MLK Boston

“The time is always right to do right.”

-Martin Luther King Jr.

Between 1980 and 2000, Boston native Paul English would have watched Liz Walker delivering the news on WBZ-TV; now the two of them are making news together as co-chairs of MLK Boston, a nonprofit housed at the Boston Foundation. MLK Boston is dedicated to creating a major Boston memorial to Dr. Martin Luther King Jr. and Coretta Scott King to honor and perpetuate their work and ideals in the city where they met. 

“I was educated here and it is one of the cities which I call home,” said Martin Luther King, Jr. at a rally on Boston Common in 1965, calling on Boston to be “a testing ground for the ideal of freedom.”

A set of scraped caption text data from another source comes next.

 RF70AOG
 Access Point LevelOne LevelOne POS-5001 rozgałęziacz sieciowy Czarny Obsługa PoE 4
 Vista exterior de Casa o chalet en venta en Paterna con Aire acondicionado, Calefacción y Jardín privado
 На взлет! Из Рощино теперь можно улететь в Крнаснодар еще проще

English, founder of travel companies Kayak and Lola as well as other ventures, and Reverend Walker, now senior pastor of Roxbury Presbyterian Church, were introduced by Boston Mayor Martin Walsh. All three understood how fitting a King memorial would be for Boston, and in fact, how essential.

Martin Luther King Jr. earned his Ph.D. from Boston University and while here he preached at Twelfth Baptist Church in Roxbury. At that time Coretta Scott was a student at the New England Conservatory, and attended Twelfth Baptist. King considered Boston a formative influence and eventually returned to lead marches and speak publicly on the Boston Common. 

Honoring the Kings with a world-class, permanent installation in Boston makes sense historically. It also makes sense for Boston’s future as it continues to wrestle with the issue of race, most recently reflected in the Boston Globe Spotlight series. “MLK Boston is holding a series of community conversations all over the city and connecting on the issues that Martin Luther King cared about,” says Rev. Walker, explaining that the effort is about far more than a physical memorial. “This is about getting people engaged.” English jump-started the MLK Boston Fund with a donation of $1 million and the goal of raising $5 million to commission and build the memorial, endow its maintenance and to seed-fund events and discussions related to the memorial.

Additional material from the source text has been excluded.